» **Records from a data collection**
BEGIN
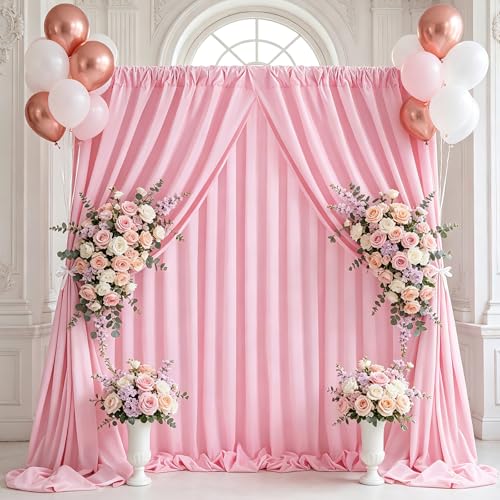 Pink Backdrop Curtains 10ftx8ft Birthday Polyester Photo Drapes - color: Pink, size: 2 Panels 5ft X 8ft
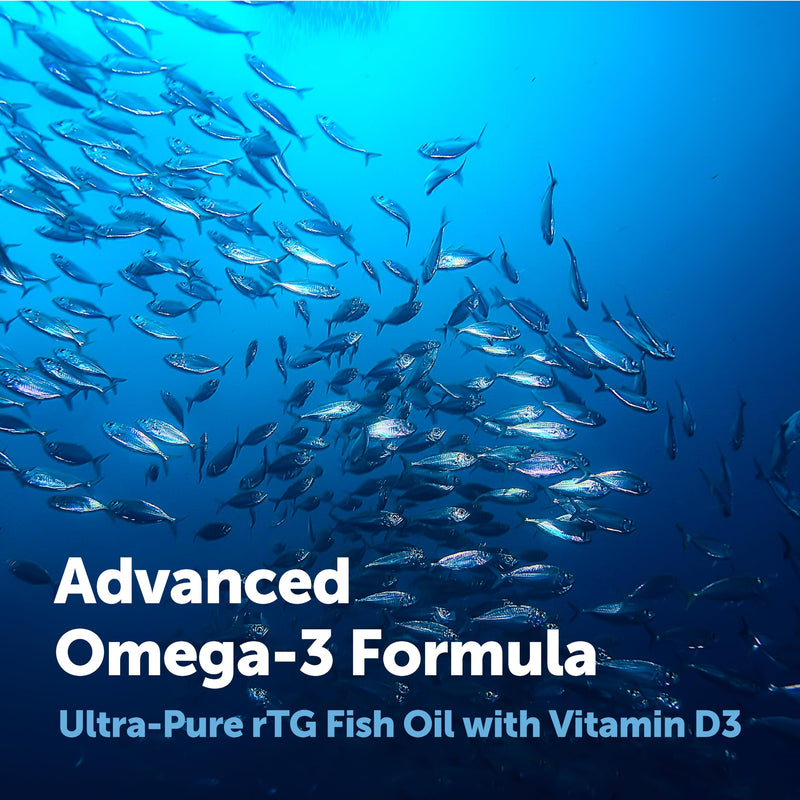 Micro Ingredients Supreme Omega-3 Fish Oil w/Ultra High EPA & DHA, Burpless Softgels | rTG Omega-3 with Vitamin D3 | Wild-Caught Cold Deep-Sea Fish | Lemon Flavor, Easy to Swallow, 120ct 120 Count (Pack of 1)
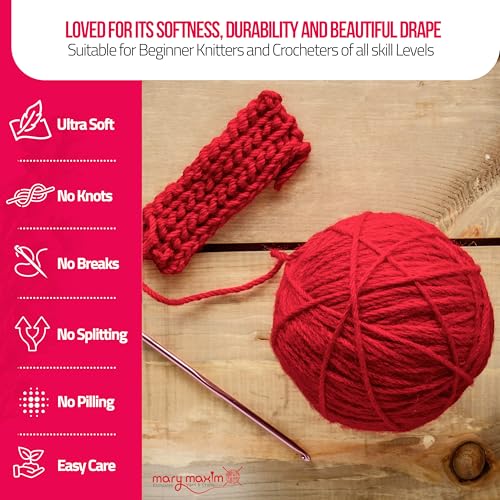 Mary Maxim Starlette Yarn, Soft Acrylic Yarn, 3.5 OZ, 180 Yards, Cayenne - color: Cayenne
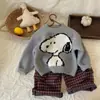 Malhas Espessas Infantis para Meninos e Meninas, Tops e Malhas de Inverno, Novidades Outono e Inverno 2025 Camisetas Básicas Cartoon para Bebês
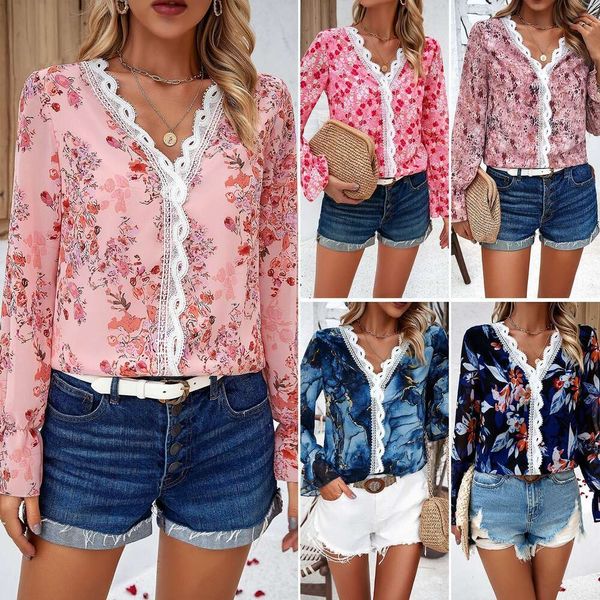 Diyun Camisa de manga larga con cuello en V y estampado informal elegante Primavera/Verano 2024 para mujer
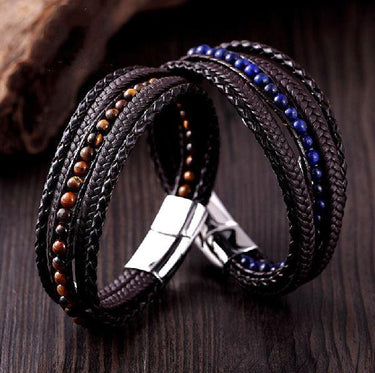 Men's Genuine Leather & Stone 6 Stranded ENERGY Bracelet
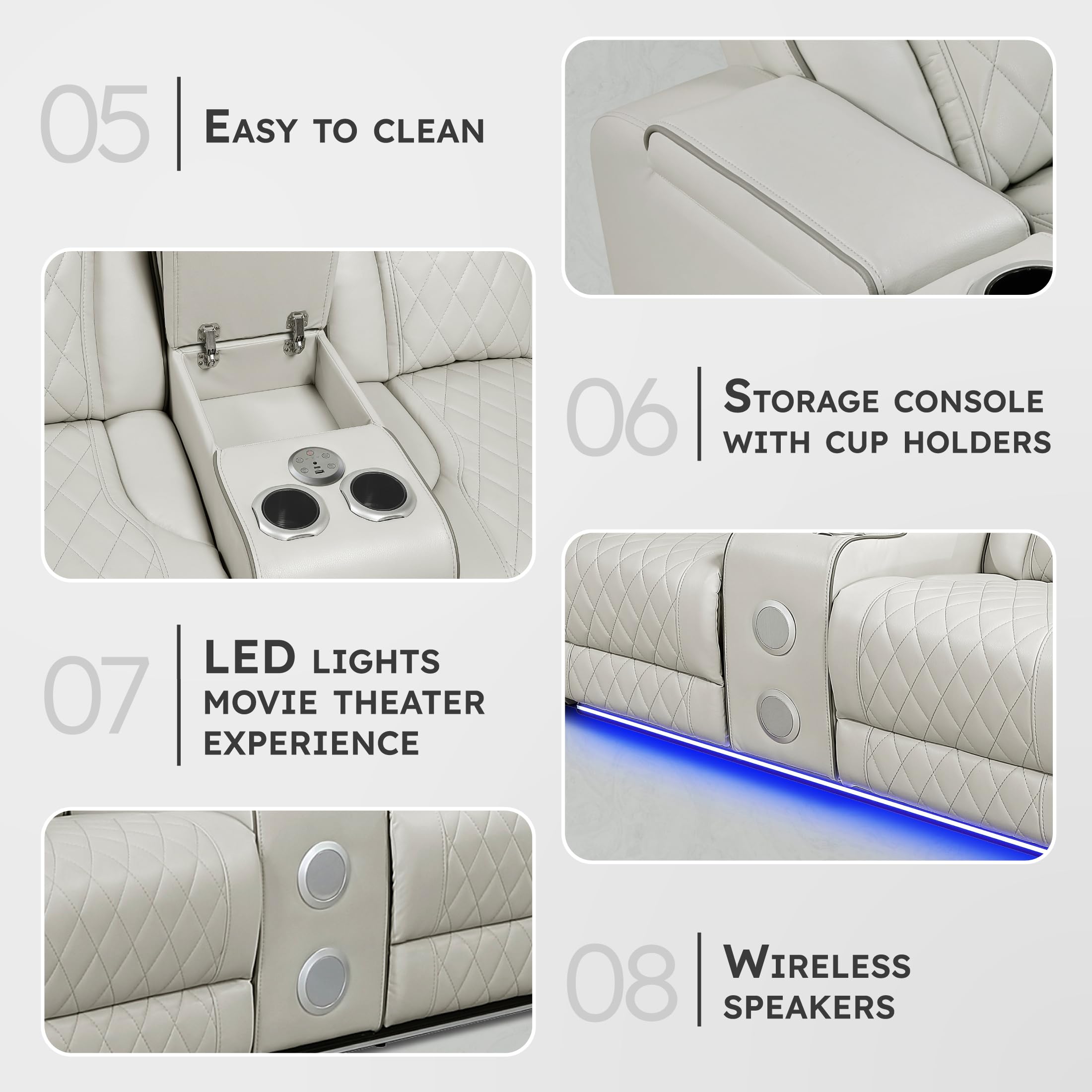 Lexicon 118" Power Reclining Sectional Sofa, Wall Hugger, 2 Recliner Seats, 2 Storage Arms, 2 Console Cup Holders, Power Headrests, Charging Ports, Wireless Speakers, LED Lighting, Faux Leather Taupe - Image 4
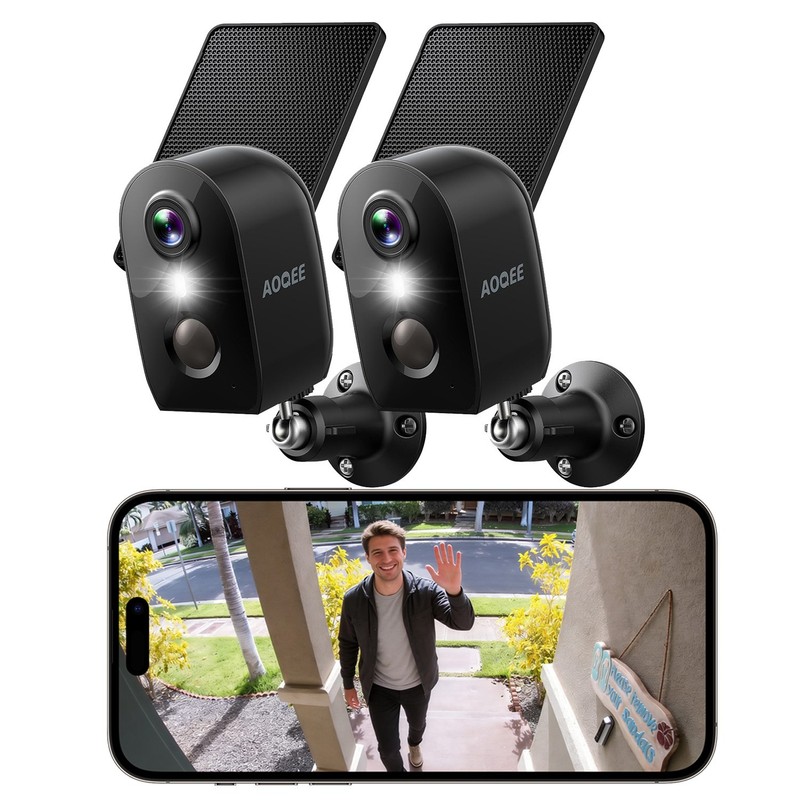 2X AOQEE 2K Home Wireless Solar Security Camera Outdoor WiFi Color Night Vision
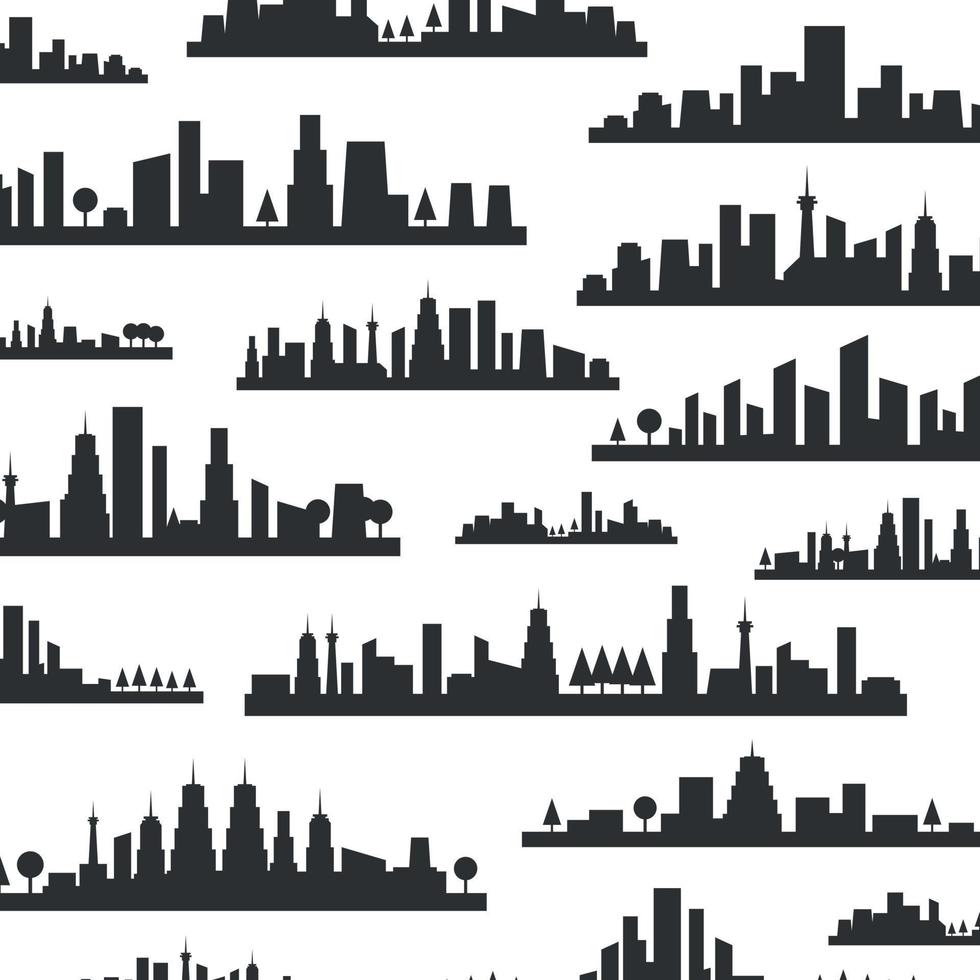 achtergrond gemaakt van silhouetten van landschappen van steden vector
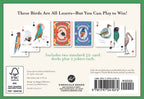 Back cover of a card game packaging with bird-themed cards and promotional text.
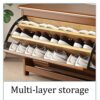 3-Tier Shoe Rack Bench Solid Wood Shoe Organizer with Shelves And Drawer Storage, Indoor Storage Chest, Bed End Stool for Entryway, Hallway, Livi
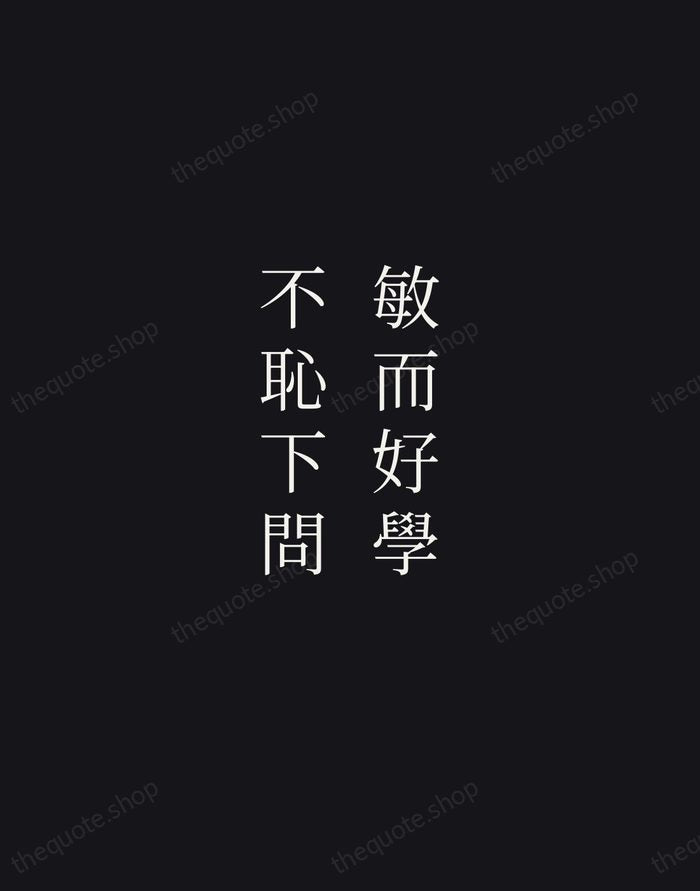 敏而好學，不恥下問 — Confucius — Night Script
END
» **YOUR GOAL**
An exact copy of the lines above from the one with "Diyun Camisa de" up to and including the one with "Men's Genuine Leather" is required; reproduce only those lines, omitting all pictures.

» **EXERCISE SOLUTION**
 Diyun Camisa de manga larga con cuello en V y estampado informal elegante Primavera/Verano 2024 para mujer
 Men's Genuine Leather & Stone 6 Stranded ENERGY Bracelet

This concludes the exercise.